In an interview with LinkedIn CEO Jeff Weiner, he describes the unique behavior of users on the LinkedIn platform.

“If you share something that’s not professionally oriented, on LinkedIn you’re not going to get any engagement, and the feedback you get may not be very positive. It’s not the right forum for that, and your professional identity is tied to it. You’re going to be very thoughtful about a comment that appears next to your image and your name and your title and your company. … Is what I’m sharing a consistent extension of who I am professionally? Is this going to add value, or is it going to muddy up the feed?”

I would go one step further to suggest that this type of behavior should mirror the way you conduct yourself everywhere online. People have a tendency to wait until they get to the edge of a precipice before turning around. The unfortunate reality online, however, is that everything is for keeps. Nothing is private. Your data doesn’t go away. We all know this, yet the majority of people still behave online as though they have a modicum of privacy and they expect to be forgiven their trespasses.

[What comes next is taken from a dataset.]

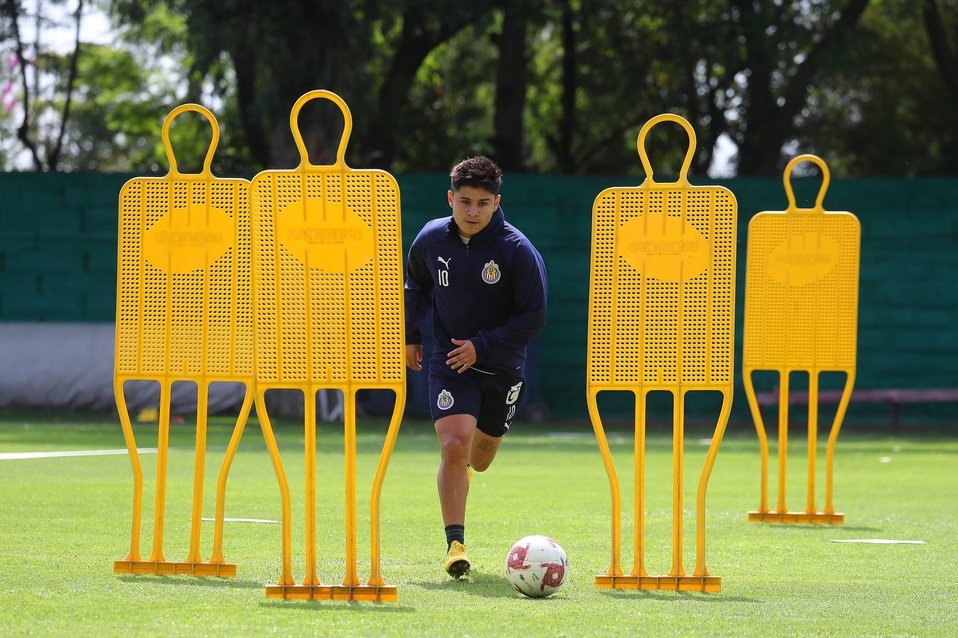 El plantel de Chivas ya trabaja en Verde Valle. (Foto: @Chivas)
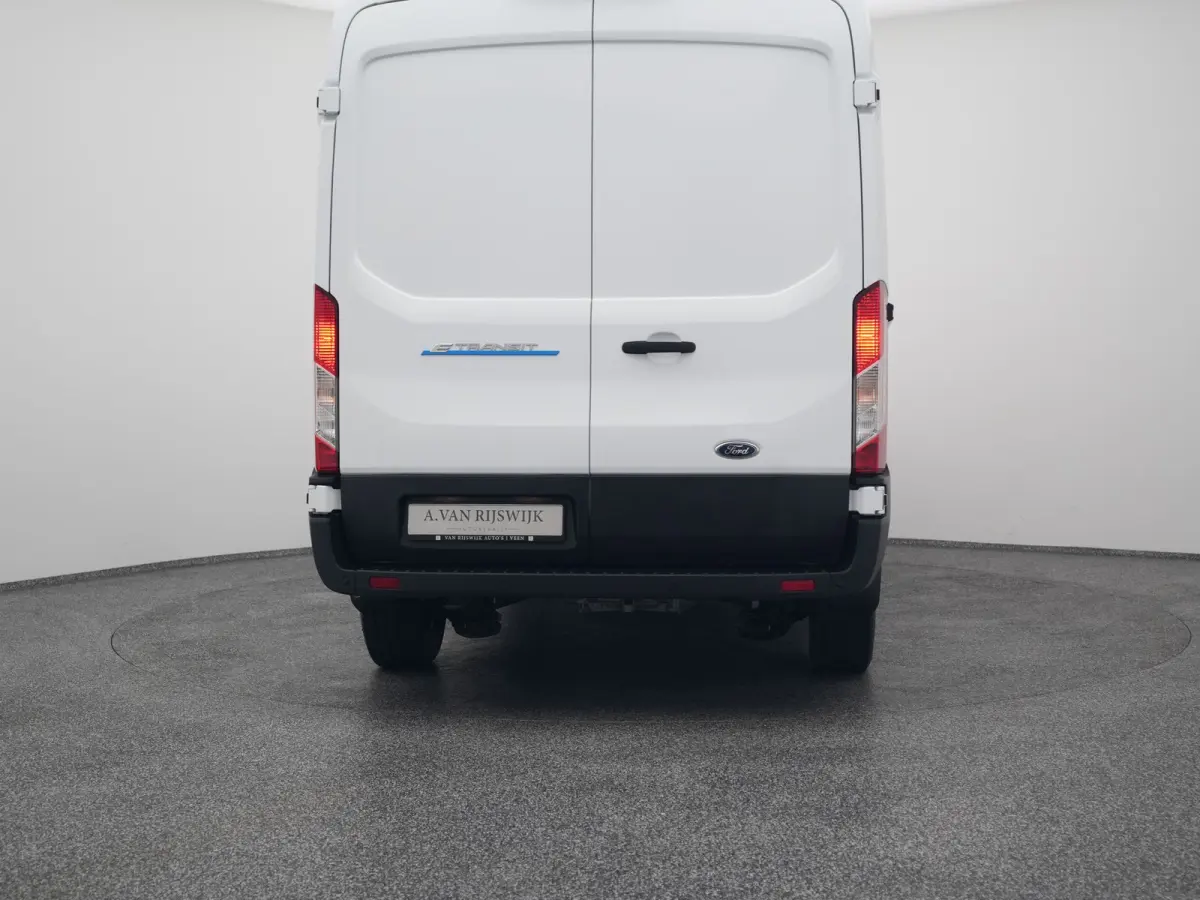350 L2H2 Trend 68 kWh | CAMERA | CARPLAY | STOELVERWARMING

When all is said and done, I think we’re all going to find that our online personas are really our personal brands. Everything we’ve ever put on the Internet will be there for the taking. Analyses will continue to evolve, allowing others to begin to predict our behaviors based on our friends, our likes and proclivities. There will be a judgment. Will the final analysis be one that you thoughtfully crafted, or will it rather be composed of a hodgepodge of emotional outbursts, questionable statements and cat pictures?

When people post on LinkedIn, they generally consider the fact that their boss, colleagues and future employers might see what they’ve posted. They dot their I’s and cross their T’s. LinkedIn isn’t a place where you air your dirty laundry—and I would like to put forward that Facebook, Twitter or any other place online isn’t either.

The Internet should be a place to build your personal brand and your authority. Take your lead from Jeff Weiner, and before you put anything online, ask yourself if what you’re sharing is a consistent extension of who you are professionally and whether or not you’re going to add value or muddy up the feed. When on the Internet, do as those LinkedIn do.